Low incidence of N-glycolylneuraminic acid in birds and reptiles and its absence in the platypus

The sialic acids of the platypus, birds, and reptiles were investigated with regard to the occurrence of N-glycolylneuraminic (Neu5Gc) acid. They were released from tissues, eggs, or salivary mucin samples by acid hydrolysis, and purified and analyzed by thin-layer chromatography, high-performance liquid chromatography, and mass spectrometry. In muscle and liver of the platypus only N-acetylneuraminic (Neu5Ac) acid was found.
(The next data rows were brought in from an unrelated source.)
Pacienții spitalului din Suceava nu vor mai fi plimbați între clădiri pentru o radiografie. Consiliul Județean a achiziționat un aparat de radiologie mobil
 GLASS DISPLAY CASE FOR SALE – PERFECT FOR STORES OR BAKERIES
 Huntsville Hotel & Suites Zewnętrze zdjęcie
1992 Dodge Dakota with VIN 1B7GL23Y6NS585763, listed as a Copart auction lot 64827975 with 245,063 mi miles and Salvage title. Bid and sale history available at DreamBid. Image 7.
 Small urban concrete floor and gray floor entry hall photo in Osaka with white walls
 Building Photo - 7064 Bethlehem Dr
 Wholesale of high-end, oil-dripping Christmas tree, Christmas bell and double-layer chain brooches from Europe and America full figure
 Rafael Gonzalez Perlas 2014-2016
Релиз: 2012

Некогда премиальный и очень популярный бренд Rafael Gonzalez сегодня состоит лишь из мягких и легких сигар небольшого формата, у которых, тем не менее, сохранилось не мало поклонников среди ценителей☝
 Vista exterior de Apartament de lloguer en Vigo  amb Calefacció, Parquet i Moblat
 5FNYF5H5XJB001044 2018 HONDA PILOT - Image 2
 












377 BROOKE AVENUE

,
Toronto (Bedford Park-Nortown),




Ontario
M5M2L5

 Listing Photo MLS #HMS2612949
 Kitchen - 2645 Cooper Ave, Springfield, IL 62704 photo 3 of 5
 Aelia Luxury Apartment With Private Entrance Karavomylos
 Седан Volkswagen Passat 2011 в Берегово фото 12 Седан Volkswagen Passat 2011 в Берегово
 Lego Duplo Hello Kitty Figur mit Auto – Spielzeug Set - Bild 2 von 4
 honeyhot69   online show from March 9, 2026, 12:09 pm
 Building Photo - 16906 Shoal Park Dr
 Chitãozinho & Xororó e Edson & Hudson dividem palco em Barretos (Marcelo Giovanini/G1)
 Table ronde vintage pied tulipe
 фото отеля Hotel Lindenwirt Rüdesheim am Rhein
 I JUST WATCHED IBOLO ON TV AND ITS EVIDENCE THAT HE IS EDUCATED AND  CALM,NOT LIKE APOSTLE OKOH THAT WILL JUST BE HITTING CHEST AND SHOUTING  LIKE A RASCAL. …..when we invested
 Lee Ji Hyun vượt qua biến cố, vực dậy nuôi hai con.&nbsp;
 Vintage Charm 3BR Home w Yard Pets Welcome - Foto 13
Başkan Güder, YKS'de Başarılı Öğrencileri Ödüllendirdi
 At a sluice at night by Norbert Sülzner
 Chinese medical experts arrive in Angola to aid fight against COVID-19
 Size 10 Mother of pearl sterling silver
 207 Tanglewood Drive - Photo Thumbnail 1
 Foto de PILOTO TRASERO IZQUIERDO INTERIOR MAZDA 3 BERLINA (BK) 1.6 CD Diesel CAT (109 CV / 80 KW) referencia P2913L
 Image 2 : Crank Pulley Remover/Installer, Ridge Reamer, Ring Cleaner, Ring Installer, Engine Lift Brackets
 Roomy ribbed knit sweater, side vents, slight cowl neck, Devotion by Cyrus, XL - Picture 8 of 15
The nine bird species studied also did not express N-glycolylneuraminic acid with the exception of an egg, but not tissues, from the budgerigar and traces in poultry. Among nine reptiles, including one turtle, N-glycolylneuraminic acid was only found in the egg and an adult basilisk, but not in a freshly hatched animal. BLAST analysis of the genomes of the platypus, the chicken, and zebra finch against the CMP-N-acetylneuraminic acid hydroxylase did not reveal the existence of a similar protein structure. Apparently monotremes (platypus) and sauropsids (birds and reptiles) cannot synthesize Neu5Gc. The few animals where Neu5Gc was found, especially in eggs, may have acquired this from the diet or by an alternative pathway. Since Neu5Gc is antigenic to man, the observation that this monosaccharide does not or at least only rarely occur in birds and reptiles, may be of nutritional and clinical significance.